(The opinions expressed here are those of the author, Andy Home, a columnist for Reuters.)
Copper has begun the New Year on a surge, with funds piling back into the market in anticipation that China’s rapid emergence from a year of lockdowns will translate into recovering demand in the world’s largest metals buyer.
London Metal Exchange (LME) three-month copper broke back up through the $9,000-per tonne level last week for the first time since June. Currently trading around $9,130, the copper price is up by 9.6% since the start of January.
The rally has been driven primarily by shifts in fund positioning on both the LME and the CME with the bulls back in town and bears in retreat.
Investors played copper from the short side for much of last year, if they were prepared to engage at all. Rolling lockdowns in China, an energy crisis in Europe, and aggressive rate hikes in the United States were all good reasons to give Doctor Copper a wide berth.
The funds’ sudden return is a sign that many are betting on a much sunnier outlook.
Money managers have rapidly accumulated long positions on the CME copper contract this month, lifting bets on higher prices by 32% to 65,703 contracts, according to the latest Commitments of Traders Report.
The resulting price surge has forced bears onto the back foot, outright short positions sliding from 40,807 contracts to 36,907 in the week to last Tuesday.
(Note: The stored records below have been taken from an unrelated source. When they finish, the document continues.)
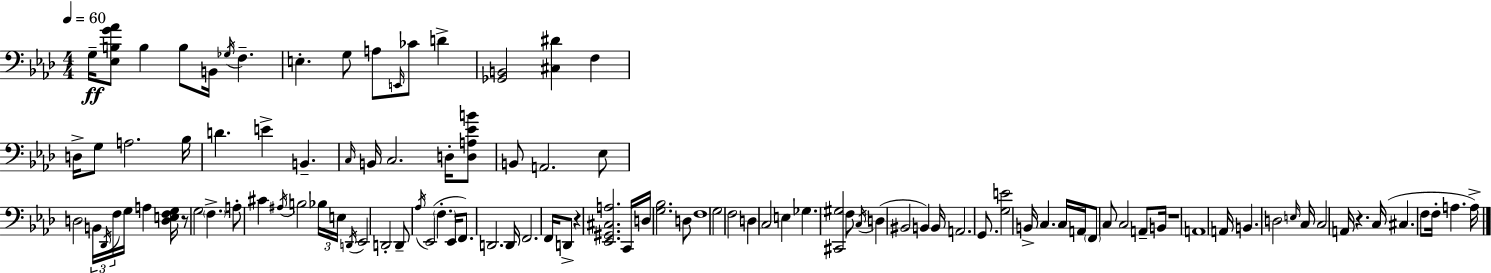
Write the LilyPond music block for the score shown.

{
  \clef bass
  \numericTimeSignature
  \time 4/4
  \key aes \major
  \tempo 4 = 60
  \repeat volta 2 { g16--\ff <ees b g' aes'>8 b4 b8 b,16 \acciaccatura { ges16 } f4.-- | e4.-. g8 a8 \grace { e,16 } ces'8 d'4-> | <ges, b,>2 <cis dis'>4 f4 | d16-> g8 a2. | \break bes16 d'4. e'4-> b,4.-- | \grace { c16 } b,16 c2. | d16-. <d a ees' b'>8 b,8 a,2. | ees8 d2 \tuplet 3/2 { b,16 \acciaccatura { des,16 } f16 } g16 a4 | \break <d e f g>16 r8 g2 \parenthesize f4.-> | a8-. cis'4 \acciaccatura { ais16 } b2 | \tuplet 3/2 { bes16 e16 \acciaccatura { d,16 } } ees,2 d,2-. | d,8-- \acciaccatura { aes16 } ees,2( | \break \parenthesize f4.-. ees,16 f,8.) d,2. | d,16 f,2. | f,16 d,8-> r4 <ees, gis, cis a>2. | c,16 d16 <g bes>2. | \break d8 f1 | g2 f2 | d4 c2 | e4 ges4. <cis, gis>2 | \break f8 \acciaccatura { c16 }( d4 bis,2 | b,4) b,16 a,2. | g,8. <g e'>2 | b,16-> c4. c16 a,16 \parenthesize f,8 c8 c2 | \break a,8-- b,16 r1 | a,1 | a,16 b,4. d2 | \grace { e16 } c16 c2 | \break a,16 r4. c16( cis4. f8 | f16-. a4. a16->) } \bar "|."
}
Funds were net long to the tune of 28,796 contracts on that date, the most bullish collective positioning since last April.
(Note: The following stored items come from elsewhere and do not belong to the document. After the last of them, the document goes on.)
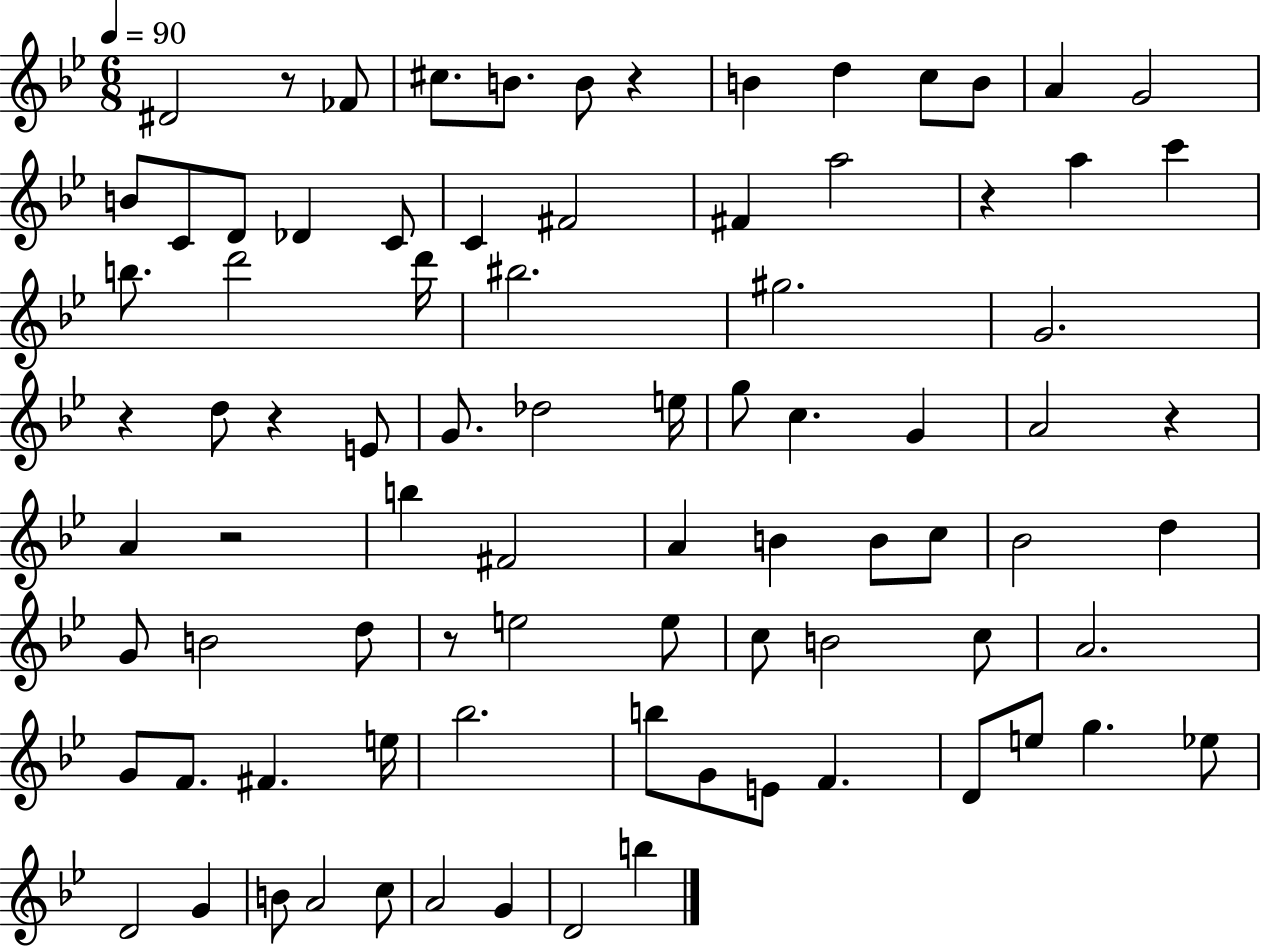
X:1
T:Untitled
M:6/8
L:1/4
K:Bb
^D2 z/2 _F/2 ^c/2 B/2 B/2 z B d c/2 B/2 A G2 B/2 C/2 D/2 _D C/2 C ^F2 ^F a2 z a c' b/2 d'2 d'/4 ^b2 ^g2 G2 z d/2 z E/2 G/2 _d2 e/4 g/2 c G A2 z A z2 b ^F2 A B B/2 c/2 _B2 d G/2 B2 d/2 z/2 e2 e/2 c/2 B2 c/2 A2 G/2 F/2 ^F e/4 _b2 b/2 G/2 E/2 F D/2 e/2 g _e/2 D2 G B/2 A2 c/2 A2 G D2 b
The same dynamic is playing out on the London market with the price rally placing some $3 billion of short positions under pressure, according to analysts at Citi. (“Metal Matters”, Jan. 17, 2023)
Citi estimates a 400,000-tonne collective investment short position was accumulated over the middle of last year in a $7,800-8,600 price band. “To the degree, these short positions have not already covered, this may support copper in the short term”, the bank said.
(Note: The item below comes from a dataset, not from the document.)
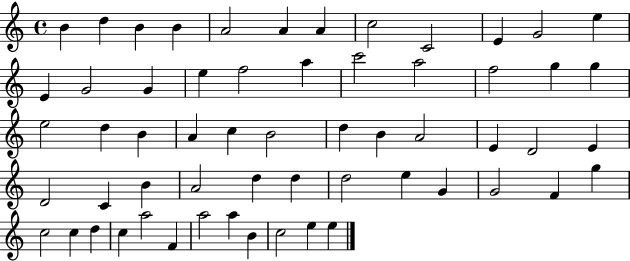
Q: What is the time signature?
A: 4/4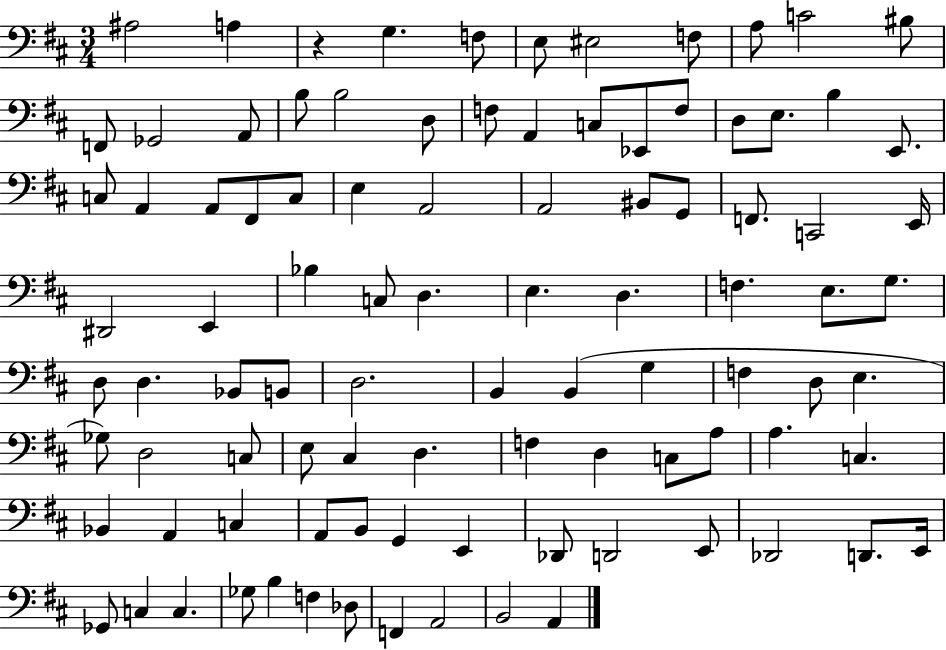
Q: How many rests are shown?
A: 1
Renewed speculative interest in copper has been evident for several months with global trading activity showing signs of recovering from a long slump.
All three major copper venues – the LME, CME and the Shanghai Futures Exchange (ShFE) – saw volumes and open interest fall consistently over much of 2021 and the first half of 2022.
The market stopped contracting around July, with both the LME and CME registering consistent year-on-year volume growth over the back end of 2022.
LME copper volumes ended the year down by just 1.9% on 2021 levels, the most resilient performance among the core contracts in a year of nickel-induced turmoil on the London market.
CME futures open interest fell to 149,642 contracts at the end of November, its lowest end-month level since 2014. It has since rebounded to a current 198,018.
CME options trading has been booming. Volumes of vanilla monthly options hit an all-time record of 126,171 contracts in November. Open interest at the end of December was also an all-time high of 82,599 contracts.
Activity has spread to the CME’s newer weekly options contracts and its “micro” copper product, a tenth the size of the main contract but one that has already traded the equivalent of over 600,000 tonnes since its May launch.
Doctor Copper, it seems, is back on the investment radar after a year in the wilderness.
Investors’ rekindled enthusiasm for copper’s prospects jars with the current somewhat gloomy picture of industrial recession in Europe and sharp economic slowdown in the United States.
The World Bank last week slashed its global growth forecast for this year from 3.0% to 1.7% the slowest pace outside the 2009 and 2020 recessions since 1993.
It’s clear, though, that copper long positioning is primarily a bet on Chinese recovery, underpinned by measures to revitalize a foundering property sector and more metals-intensive green infrastructure.
It’s worth noting that copper’s gains have been overshadowed by those of iron ore, which is even more leveraged to a resumption of Chinese property construction. Dalian iron ore futures jumped 3% last Friday to hit 17-month highs.
Both commodities are pricing in a full-blown bounce-back in Chinese activity after the New Year holidays.
There is plenty of uncertainty around covid transmission rates, the timing of any meaningful turnaround in the property market, and the likely negative hit on exports from slower growth everywhere else.
If copper is already pricing in a full recovery, the reality is only likely to disappoint.
Doctor Copper’s new fund friends may have to be patient.